How High the Moon by Sandra Kring

I find most of my books by looking under the customers-who-bought-this-also-bought-this section of Amazon.  Found this one there.  And it had 5 star reviews.  But upon reading it, was kinda disappointed.  It reads like a young-adult lit book.  But TOO young adult.  Too slow.  Too boring.  Not enough drama.  The reviews speak otherwise though, so maybe you should decide yourself.

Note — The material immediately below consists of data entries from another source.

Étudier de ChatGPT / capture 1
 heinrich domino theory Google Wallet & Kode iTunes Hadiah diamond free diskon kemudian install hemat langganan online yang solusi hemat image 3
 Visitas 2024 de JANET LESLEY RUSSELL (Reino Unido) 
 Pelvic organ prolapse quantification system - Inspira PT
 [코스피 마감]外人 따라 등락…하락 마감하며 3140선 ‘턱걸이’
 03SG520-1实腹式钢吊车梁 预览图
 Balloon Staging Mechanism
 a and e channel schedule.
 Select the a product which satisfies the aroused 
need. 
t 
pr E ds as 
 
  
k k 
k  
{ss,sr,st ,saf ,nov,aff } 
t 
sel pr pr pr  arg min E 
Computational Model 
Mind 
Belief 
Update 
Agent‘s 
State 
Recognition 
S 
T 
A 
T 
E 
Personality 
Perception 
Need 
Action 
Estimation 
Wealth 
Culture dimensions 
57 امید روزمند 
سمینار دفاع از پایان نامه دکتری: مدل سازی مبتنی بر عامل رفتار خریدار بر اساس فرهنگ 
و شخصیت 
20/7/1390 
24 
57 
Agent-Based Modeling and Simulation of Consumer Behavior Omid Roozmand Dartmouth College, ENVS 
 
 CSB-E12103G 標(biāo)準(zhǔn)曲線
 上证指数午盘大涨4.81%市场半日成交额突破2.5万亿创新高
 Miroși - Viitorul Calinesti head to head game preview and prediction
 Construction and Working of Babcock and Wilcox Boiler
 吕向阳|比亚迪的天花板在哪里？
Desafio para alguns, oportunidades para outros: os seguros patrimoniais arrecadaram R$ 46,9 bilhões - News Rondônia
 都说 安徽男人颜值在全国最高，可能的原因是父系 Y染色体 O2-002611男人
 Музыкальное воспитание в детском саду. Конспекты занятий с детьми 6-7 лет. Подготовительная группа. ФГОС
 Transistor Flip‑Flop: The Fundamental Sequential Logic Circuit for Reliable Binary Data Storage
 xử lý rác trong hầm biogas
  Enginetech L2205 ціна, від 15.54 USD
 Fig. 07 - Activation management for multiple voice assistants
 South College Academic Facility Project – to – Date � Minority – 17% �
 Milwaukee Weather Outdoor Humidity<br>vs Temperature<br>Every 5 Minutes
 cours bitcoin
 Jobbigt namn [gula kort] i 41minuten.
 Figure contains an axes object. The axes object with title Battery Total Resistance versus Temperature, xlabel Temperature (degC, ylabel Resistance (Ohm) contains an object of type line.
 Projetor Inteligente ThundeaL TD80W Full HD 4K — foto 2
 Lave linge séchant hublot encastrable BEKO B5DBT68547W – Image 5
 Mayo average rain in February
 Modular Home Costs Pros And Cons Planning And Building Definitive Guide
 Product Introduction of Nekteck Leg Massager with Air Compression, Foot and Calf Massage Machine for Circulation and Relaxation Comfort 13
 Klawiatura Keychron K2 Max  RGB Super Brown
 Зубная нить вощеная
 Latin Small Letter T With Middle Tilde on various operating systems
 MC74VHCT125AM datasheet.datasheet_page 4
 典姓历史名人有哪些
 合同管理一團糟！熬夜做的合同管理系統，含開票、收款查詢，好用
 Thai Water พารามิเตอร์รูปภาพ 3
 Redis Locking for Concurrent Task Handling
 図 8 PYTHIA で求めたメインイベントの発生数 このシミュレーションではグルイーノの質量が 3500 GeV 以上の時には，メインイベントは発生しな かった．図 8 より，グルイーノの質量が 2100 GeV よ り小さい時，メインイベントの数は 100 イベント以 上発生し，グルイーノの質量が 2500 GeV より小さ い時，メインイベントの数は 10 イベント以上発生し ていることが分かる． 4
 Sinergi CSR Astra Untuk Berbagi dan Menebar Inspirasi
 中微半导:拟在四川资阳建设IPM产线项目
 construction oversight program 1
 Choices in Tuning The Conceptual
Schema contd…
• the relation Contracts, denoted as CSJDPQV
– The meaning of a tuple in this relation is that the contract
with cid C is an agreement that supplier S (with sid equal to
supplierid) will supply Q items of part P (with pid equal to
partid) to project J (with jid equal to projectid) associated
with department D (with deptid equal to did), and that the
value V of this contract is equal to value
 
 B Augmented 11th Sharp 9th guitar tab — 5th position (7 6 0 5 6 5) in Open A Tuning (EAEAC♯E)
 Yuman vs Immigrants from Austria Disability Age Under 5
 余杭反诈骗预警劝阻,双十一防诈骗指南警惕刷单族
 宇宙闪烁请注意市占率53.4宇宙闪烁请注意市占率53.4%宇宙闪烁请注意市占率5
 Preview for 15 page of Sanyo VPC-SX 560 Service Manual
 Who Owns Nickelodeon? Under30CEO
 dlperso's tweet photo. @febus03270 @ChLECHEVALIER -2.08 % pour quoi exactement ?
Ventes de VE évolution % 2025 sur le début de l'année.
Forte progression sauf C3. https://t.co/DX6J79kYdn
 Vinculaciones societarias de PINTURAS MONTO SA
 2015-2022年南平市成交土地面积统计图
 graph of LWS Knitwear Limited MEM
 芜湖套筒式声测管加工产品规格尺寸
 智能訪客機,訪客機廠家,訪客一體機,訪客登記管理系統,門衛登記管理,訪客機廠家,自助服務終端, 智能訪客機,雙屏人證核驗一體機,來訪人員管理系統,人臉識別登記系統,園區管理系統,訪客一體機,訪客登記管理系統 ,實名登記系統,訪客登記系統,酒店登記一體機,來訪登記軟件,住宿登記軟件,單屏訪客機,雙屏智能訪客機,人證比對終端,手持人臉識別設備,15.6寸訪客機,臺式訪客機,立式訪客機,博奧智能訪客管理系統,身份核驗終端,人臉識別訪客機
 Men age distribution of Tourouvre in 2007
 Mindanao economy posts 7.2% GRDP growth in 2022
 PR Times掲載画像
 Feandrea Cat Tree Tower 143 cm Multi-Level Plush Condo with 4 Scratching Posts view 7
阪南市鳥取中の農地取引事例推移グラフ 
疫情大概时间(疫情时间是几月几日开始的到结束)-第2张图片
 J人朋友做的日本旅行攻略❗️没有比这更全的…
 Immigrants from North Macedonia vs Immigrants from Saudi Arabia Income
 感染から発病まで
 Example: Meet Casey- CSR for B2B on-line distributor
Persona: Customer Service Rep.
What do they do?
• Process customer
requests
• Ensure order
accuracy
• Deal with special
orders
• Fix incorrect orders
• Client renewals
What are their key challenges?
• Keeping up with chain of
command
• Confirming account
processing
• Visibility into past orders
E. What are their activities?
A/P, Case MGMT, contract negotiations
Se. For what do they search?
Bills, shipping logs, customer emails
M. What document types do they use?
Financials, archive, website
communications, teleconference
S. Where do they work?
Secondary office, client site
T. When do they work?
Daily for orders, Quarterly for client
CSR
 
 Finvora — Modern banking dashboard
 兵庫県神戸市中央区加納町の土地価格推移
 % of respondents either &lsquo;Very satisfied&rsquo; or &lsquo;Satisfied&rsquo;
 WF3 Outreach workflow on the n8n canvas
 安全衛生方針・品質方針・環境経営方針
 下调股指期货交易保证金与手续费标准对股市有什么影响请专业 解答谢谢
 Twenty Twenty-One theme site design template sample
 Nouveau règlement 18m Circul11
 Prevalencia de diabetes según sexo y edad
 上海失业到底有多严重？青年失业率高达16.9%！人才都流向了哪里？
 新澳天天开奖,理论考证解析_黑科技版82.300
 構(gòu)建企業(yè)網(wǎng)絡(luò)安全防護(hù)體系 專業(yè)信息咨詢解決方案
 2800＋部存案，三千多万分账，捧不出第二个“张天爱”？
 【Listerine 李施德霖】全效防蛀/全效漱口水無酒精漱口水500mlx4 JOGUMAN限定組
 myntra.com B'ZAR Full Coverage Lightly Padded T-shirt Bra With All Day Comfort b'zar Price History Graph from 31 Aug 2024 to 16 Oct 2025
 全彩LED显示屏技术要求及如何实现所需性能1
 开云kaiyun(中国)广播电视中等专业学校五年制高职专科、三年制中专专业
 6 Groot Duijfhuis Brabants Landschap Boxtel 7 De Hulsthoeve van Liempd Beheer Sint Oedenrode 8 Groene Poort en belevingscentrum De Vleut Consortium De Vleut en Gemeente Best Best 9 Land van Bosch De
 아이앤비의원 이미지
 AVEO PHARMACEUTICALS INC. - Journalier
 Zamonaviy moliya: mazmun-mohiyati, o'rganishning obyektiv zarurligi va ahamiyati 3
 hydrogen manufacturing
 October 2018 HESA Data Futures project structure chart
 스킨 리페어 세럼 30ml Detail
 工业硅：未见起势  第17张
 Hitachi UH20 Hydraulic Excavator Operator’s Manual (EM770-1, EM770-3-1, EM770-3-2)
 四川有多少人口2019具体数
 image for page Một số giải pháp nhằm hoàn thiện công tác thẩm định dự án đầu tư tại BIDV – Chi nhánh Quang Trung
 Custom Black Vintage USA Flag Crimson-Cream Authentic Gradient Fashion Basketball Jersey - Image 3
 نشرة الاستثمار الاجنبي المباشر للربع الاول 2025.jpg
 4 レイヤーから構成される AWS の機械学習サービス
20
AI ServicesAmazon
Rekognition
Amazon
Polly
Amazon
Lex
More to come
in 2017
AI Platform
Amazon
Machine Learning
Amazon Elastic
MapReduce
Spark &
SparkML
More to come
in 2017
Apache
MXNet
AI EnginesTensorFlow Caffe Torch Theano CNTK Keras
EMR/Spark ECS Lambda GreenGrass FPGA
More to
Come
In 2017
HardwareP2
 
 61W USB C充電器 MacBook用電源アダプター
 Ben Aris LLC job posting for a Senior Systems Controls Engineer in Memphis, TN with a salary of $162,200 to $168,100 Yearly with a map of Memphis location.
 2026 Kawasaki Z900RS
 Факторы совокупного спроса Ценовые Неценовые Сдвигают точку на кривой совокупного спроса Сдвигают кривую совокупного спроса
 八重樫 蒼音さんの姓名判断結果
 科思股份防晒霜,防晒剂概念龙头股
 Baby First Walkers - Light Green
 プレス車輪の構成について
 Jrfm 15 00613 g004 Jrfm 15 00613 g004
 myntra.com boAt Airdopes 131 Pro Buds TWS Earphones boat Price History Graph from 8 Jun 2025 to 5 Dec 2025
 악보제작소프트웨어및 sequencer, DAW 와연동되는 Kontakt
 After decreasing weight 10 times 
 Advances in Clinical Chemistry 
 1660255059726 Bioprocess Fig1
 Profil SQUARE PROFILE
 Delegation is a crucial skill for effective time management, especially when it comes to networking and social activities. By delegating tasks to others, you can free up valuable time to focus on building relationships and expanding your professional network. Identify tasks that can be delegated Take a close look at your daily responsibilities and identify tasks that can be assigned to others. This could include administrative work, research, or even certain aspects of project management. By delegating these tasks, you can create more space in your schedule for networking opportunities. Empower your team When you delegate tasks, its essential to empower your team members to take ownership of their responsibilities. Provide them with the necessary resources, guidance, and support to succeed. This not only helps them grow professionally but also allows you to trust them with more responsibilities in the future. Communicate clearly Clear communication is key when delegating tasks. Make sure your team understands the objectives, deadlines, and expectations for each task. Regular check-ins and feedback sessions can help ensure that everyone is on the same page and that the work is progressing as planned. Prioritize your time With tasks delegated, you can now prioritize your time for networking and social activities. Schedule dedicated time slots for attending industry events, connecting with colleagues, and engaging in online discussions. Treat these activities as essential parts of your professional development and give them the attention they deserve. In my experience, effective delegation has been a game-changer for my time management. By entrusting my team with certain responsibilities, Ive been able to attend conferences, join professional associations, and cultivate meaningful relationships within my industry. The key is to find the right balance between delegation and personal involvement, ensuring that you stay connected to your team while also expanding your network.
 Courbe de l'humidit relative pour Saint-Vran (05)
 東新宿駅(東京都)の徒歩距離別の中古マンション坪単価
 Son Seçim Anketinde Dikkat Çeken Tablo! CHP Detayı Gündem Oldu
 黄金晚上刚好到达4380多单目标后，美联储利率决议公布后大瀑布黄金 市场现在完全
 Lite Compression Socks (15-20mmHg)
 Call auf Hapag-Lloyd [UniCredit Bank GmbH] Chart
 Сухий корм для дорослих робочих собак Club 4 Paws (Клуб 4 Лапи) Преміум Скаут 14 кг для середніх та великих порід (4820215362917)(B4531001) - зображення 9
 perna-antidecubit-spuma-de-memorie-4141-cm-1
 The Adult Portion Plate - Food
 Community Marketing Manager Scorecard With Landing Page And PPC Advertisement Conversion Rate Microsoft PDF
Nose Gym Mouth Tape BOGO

Publishers Weekly review from Amazon:

The summer of 1955 is a tough one for 10-year-old ragamuffin Isabella, nicknamed Teaspoon, who's been enlisted into a Big Sister–style program that's supposed to teach her civilized behavior. Five years earlier, Teaspoon's mother took off for Hollywood, leaving her boyfriend, Teddy, and her daughter to take care of each other; now a full-fledged tomboy, Teaspoon is paired in the program with popular 18-year-old Brenda Bloom, whose mother owns the movie theater in their suburban Milwaukee town. Sketched with nostalgic sweetness, this hard-luck coming-of-age story sees Teaspoon discovering her talent for singing while getting caught up in plans for the theater's gala re-opening, her mother's promised return, Teddy's budding relationship with Sunday school teacher Miss Tuckle, and Brenda's romantic dilemmas. Kring (The Book of Bright Ideas) gives her young, put-upon protagonist an authentically weary voice, but telegraphs her plot revelations, provoking little emotion beyond the mildly touching. Though the chatterbox heroine makes an engaging narrator, readers may be reminded more of Dennis the Menace than Anne of Green Gables.